Posted: Aug 26, 2019
**Guest post written by Mark Smith, owner of Musical Instru.
"Let’s face it - a promo photo is an extremely powerful part of music, with its ability to catch the attention of fans, bookers, music journalists, and the industry in general. However, while the capabilities of a promo photo can’t be overstated, it all depends on the amount of care you exert into its production. To be honest, your promo photo is just as capable of effectively telling your story as your music, but that’s only if you get it right.
In the modern world, everything is always moving at a very fast pace, so the roles of photos have become a lot bigger. Apparently, this is basically why everyone loves Instagram. How you look at a person’s pictures or Instagram profile and instantly have an insight into the life, interests, and personality of the person. Undoubtedly, this is what a good promo photo should be able to do. Your audience should be able to grasp an idea of your personality by just looking at your promo photo.

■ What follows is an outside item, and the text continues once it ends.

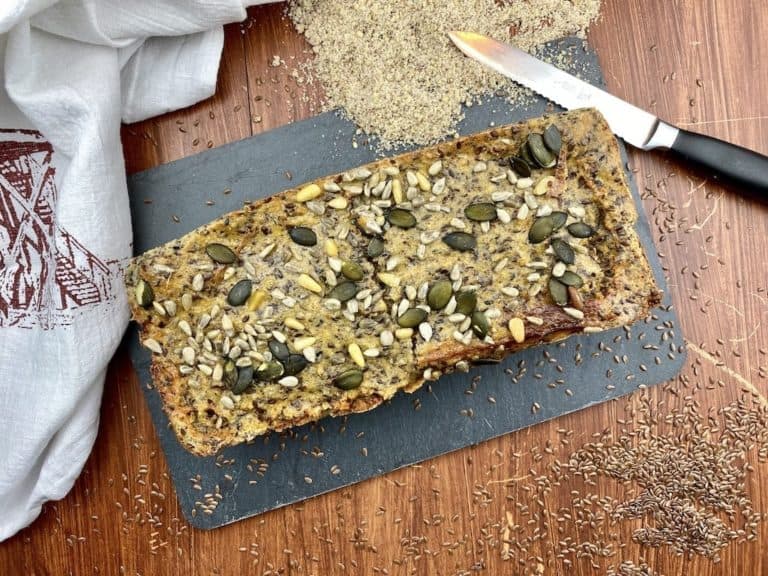 Low-Carb Eiweißbrot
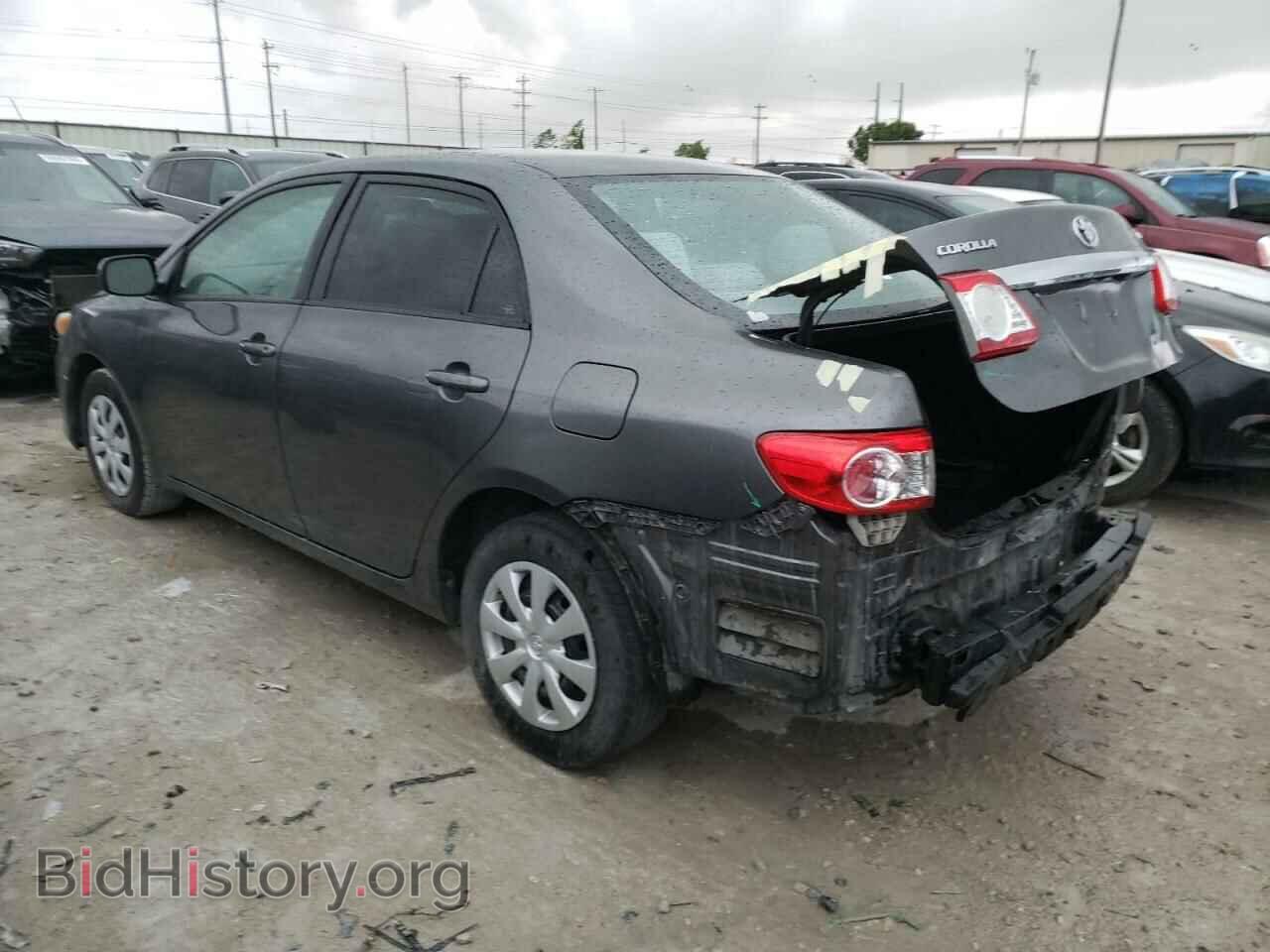 2011 TOYOTA COROLLA - VIN: 2T1BU4EEXBC569469 - Фото 2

Having said all of these, we’ve dedicated this article to teach you how to create an outstanding promo photo that is capable of catching the attention of fans, bookers, and the industry at large.
The first thing that your photo needs to be capable of is telling your story. After taking a glance at your photo, your audience should know almost everything about you, including your genre, your personalities, and even your characteristics. For example, your photo should be able to tell if you are a very serious person, a playful person or a sweet person.
Perhaps, you may be confused on where exactly to begin, so here is a tip. First of all, think about exactly what your brand represents, then start to think about how you can express that in your promo photos. For instance, if you are an extremely tech and nature centric person, then nature must definitely assume a role in your music photos. In other words, you must not take indoor shots as it would contradict the person you really are.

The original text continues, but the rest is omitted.